Could you transcribe every record below exactly as written, leaving out any pictures?

Data extract ::
►

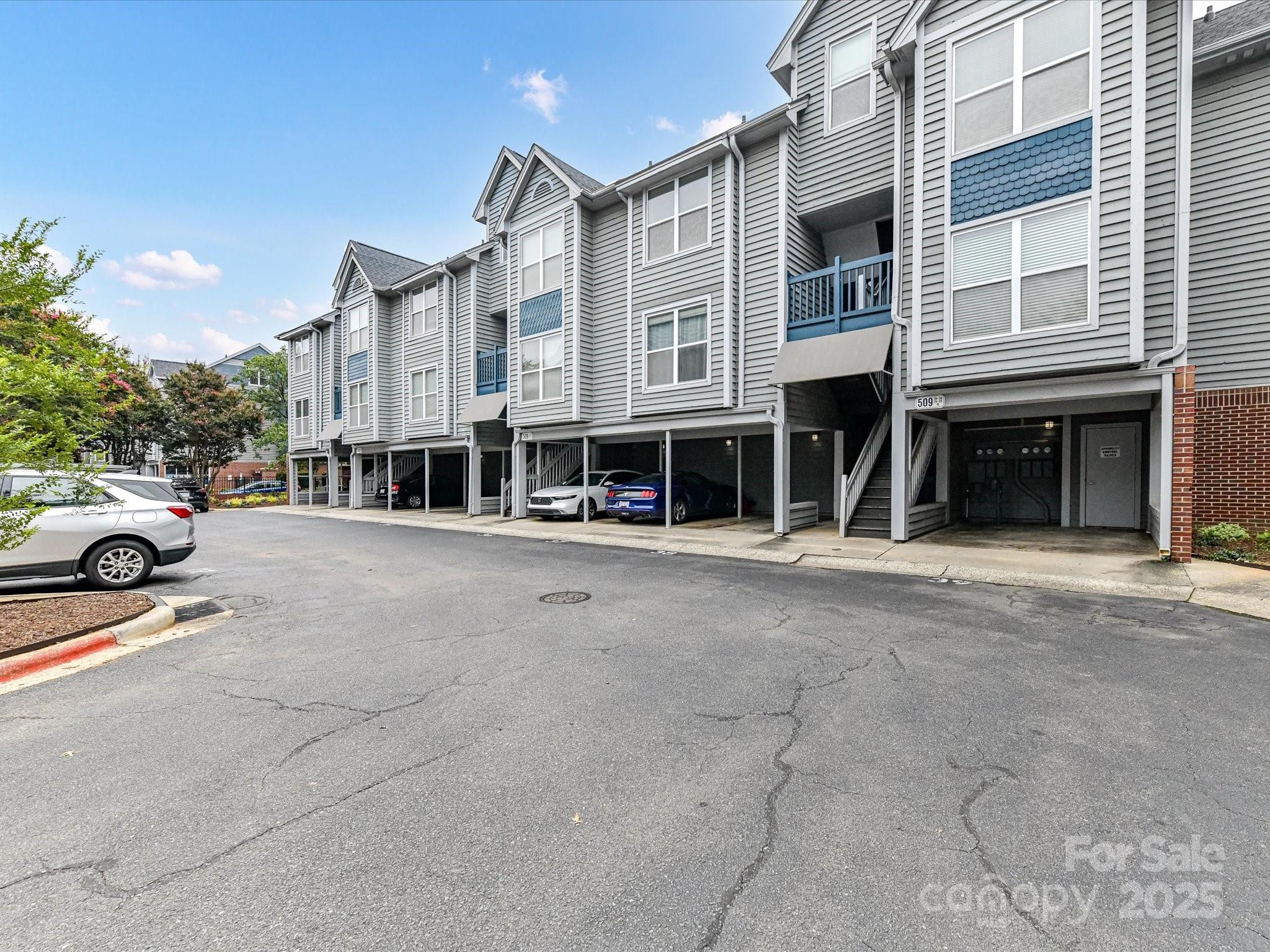509 N Graham Street 2L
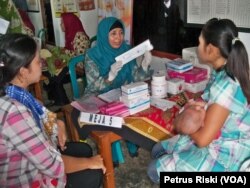 Bidan Desa memberikan penyuluhan kepada Ibu-ibu yang melakukan imunisasi untuk bayi mereka (foto: ilustrasi).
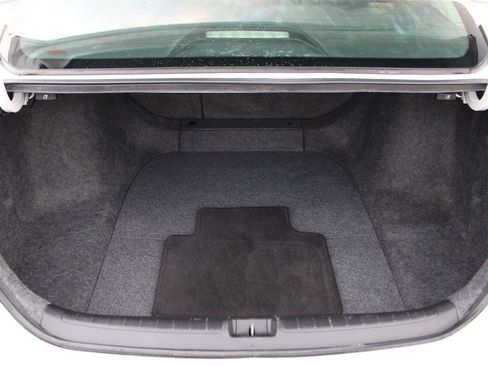 Used 2018 Honda Accord EX-L image 30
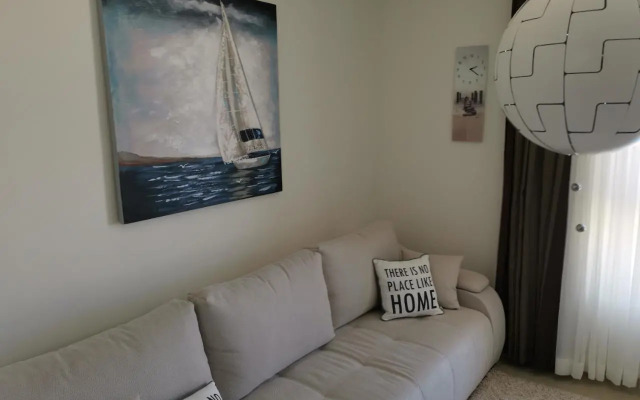 Paradise Bay D8 Apartment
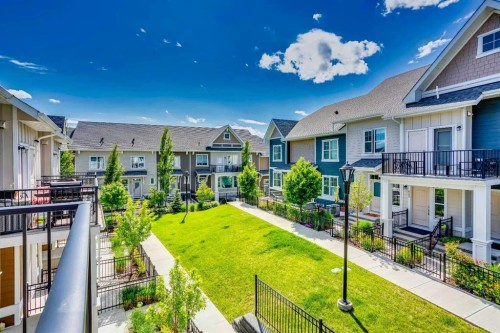 607 Cranbrook Walk Se, Calgary, AB 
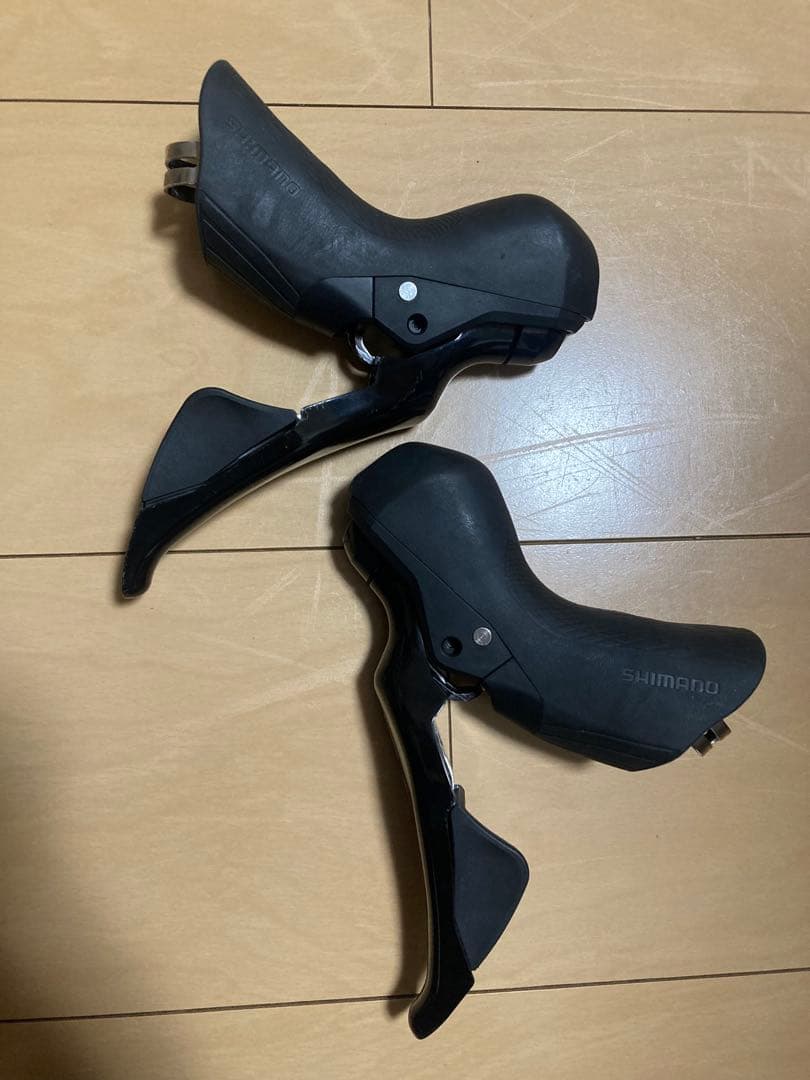 Shimano 105 /R7000系　油圧STI &ディスクキャリパー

◄

Solution to this problem ::
509 N Graham Street 2L
 Bidan Desa memberikan penyuluhan kepada Ibu-ibu yang melakukan imunisasi untuk bayi mereka (foto: ilustrasi).
 Used 2018 Honda Accord EX-L image 30
 Paradise Bay D8 Apartment
 607 Cranbrook Walk Se, Calgary, AB 
 Shimano 105 /R7000系　油圧STI &ディスクキャリパー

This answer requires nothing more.